In order to achieve a motion form similar to the human knee structure to better assist the wearer to achieve walking gait motion. In this paper, we propose an anthropomorphic knee-joint exoskeleton robot structure, which adopts similar structural characteristics to the human knee-joint structure and has a variable instantaneous center of rotation (ICR) motion form, and uses a crossed four-link mechanism to simulate the internal cruciate ligament of the human knee joint to achieve multi-axis rotational motion of the knee joint, so that the human joint motion and the exoskeleton motion form can be better matched. The telescopic rod is used to simulate the human thigh muscle to drive the knee exoskeleton flexion and extension movement, and the auxiliary limiting locking mechanism simulates the knee patella to prevent the knee joint exoskeleton over-extension, which improves the coordination with the human joint movement and the adaptability of the wearer.

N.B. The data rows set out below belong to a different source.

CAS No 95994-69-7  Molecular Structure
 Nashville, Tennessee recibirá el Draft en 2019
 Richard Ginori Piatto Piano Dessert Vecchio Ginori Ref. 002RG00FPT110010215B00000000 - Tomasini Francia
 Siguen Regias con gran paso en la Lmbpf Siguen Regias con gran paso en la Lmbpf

Through simulation experimental analysis, it is verified that the bionic knee exoskeleton has good motion performance compared with uniaxial knee joint in terms of motion morphology and power consumption. Under the condition of satisfying the human knee joint flexion and extension angle and torque, the control learning method is applied to achieve the consistency of motion trajectory between the knee joint exoskeleton and human joint, to ease the wearer’s discomfort in the walking process and improve the wearing comfort of human sports training.